=== Section Start ===
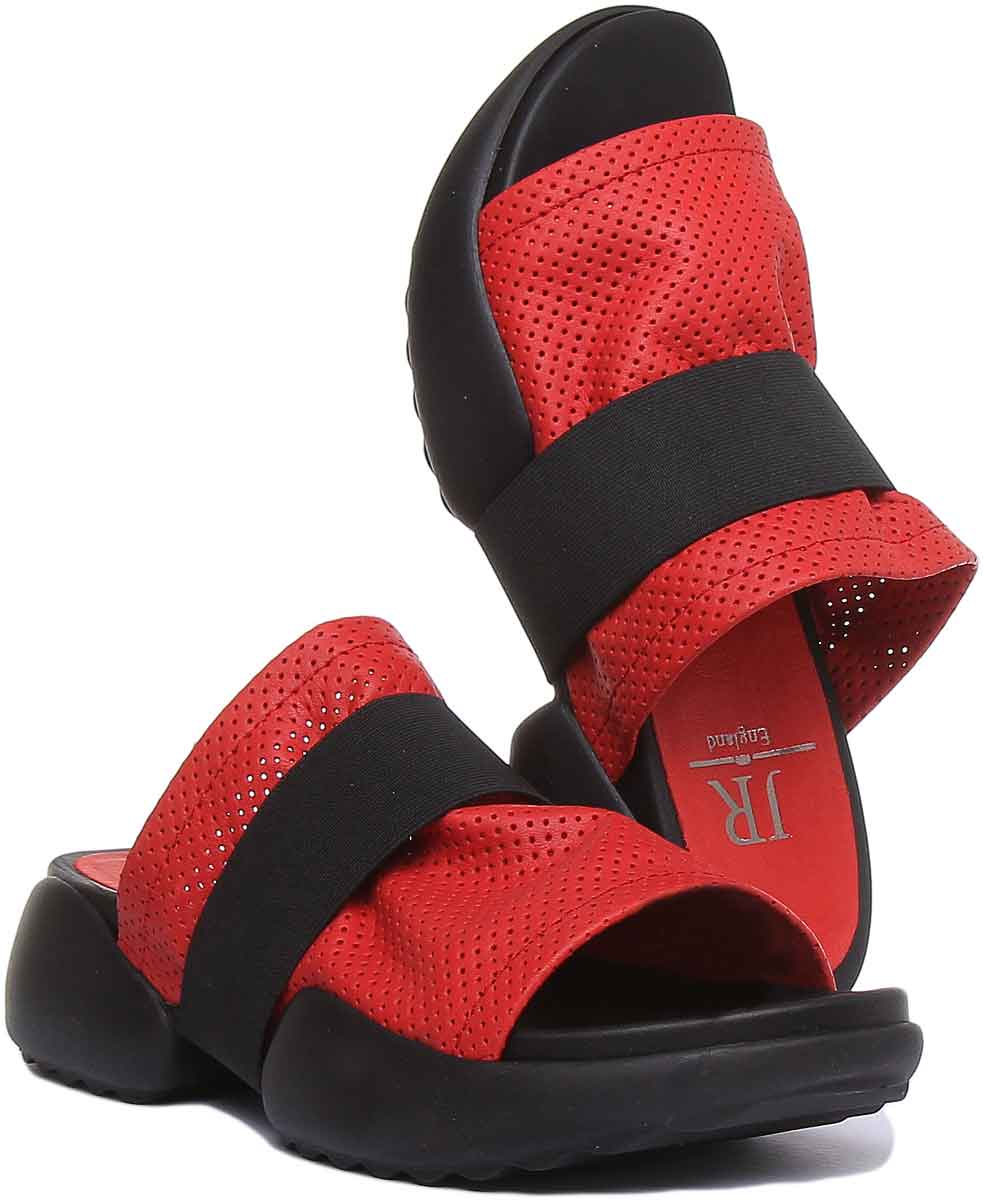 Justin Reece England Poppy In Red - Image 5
=== Section End ===
=== Section Start ===
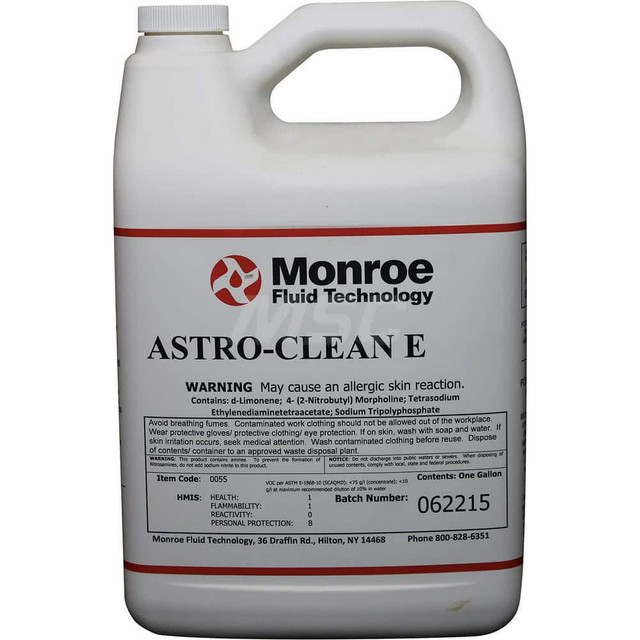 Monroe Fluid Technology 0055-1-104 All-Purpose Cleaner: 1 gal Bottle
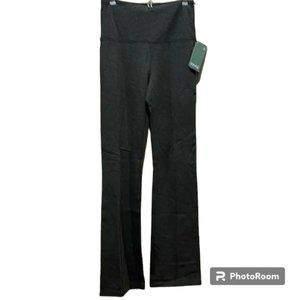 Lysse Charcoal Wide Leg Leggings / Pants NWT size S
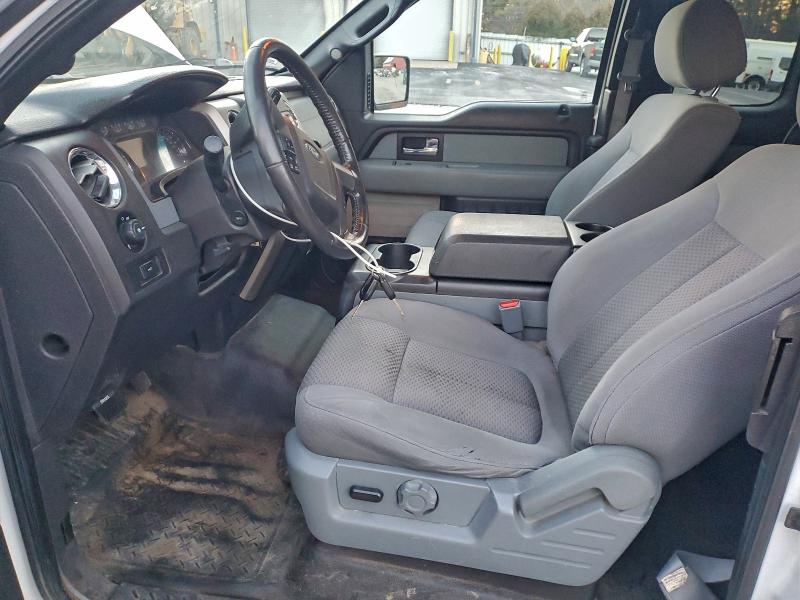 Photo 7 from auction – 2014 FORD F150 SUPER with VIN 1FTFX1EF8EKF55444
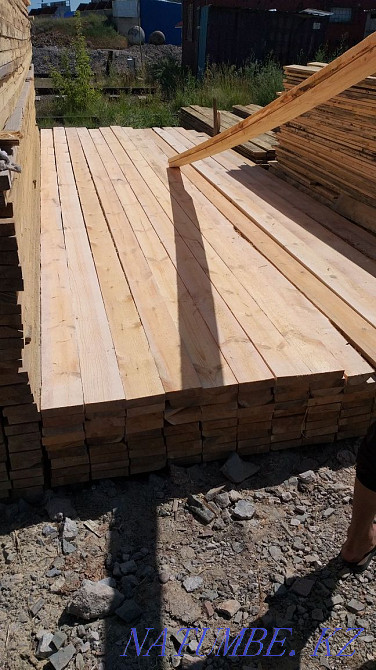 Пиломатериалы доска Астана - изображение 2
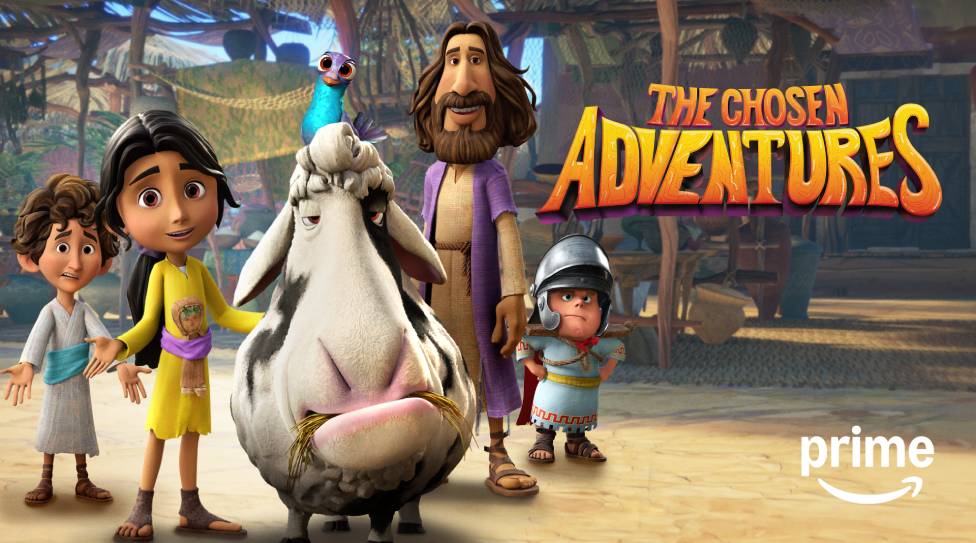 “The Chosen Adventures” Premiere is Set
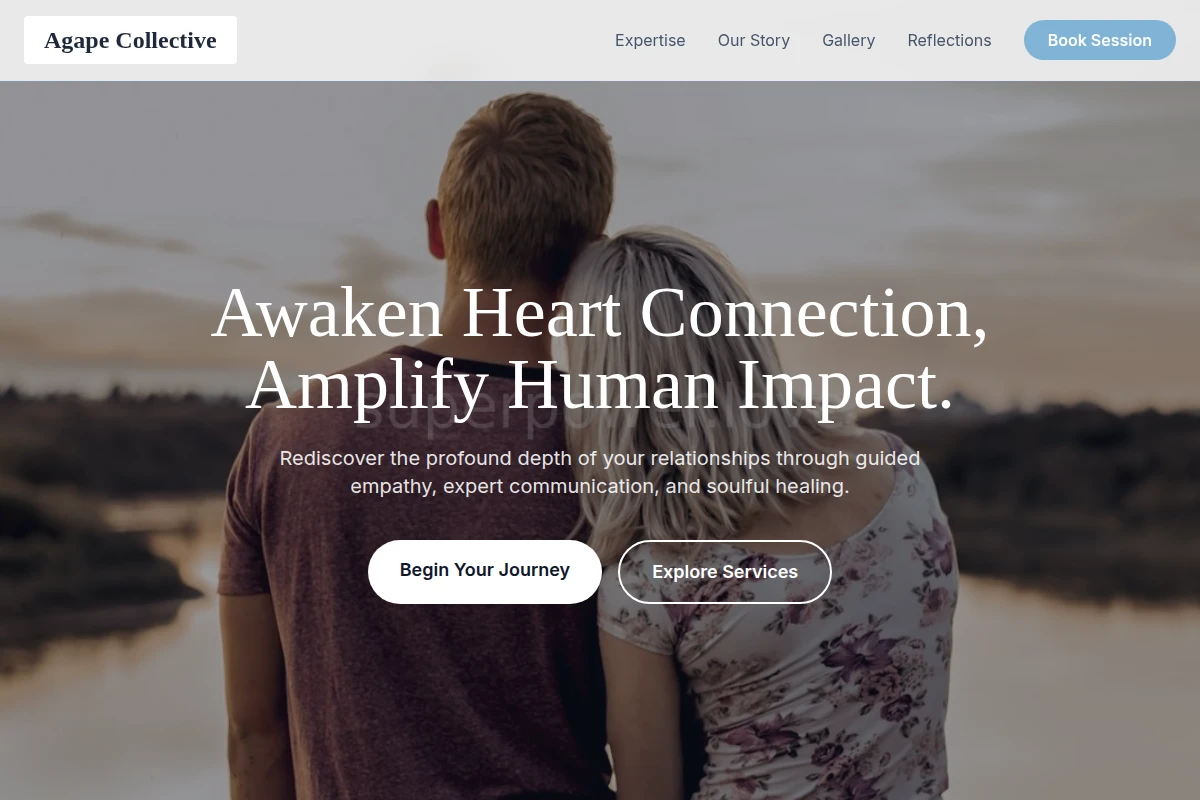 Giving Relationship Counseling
=== Section End ===
_TASK GOAL_
In the listing above, find the line containing "Photo 7 from" and the line containing "Giving Relationship Counseling", then return both of them and every line between, exactly, without pictures.

_FINAL ANSWER_
 Photo 7 from auction – 2014 FORD F150 SUPER with VIN 1FTFX1EF8EKF55444
 Пиломатериалы доска Астана - изображение 2
 “The Chosen Adventures” Premiere is Set
 Giving Relationship Counseling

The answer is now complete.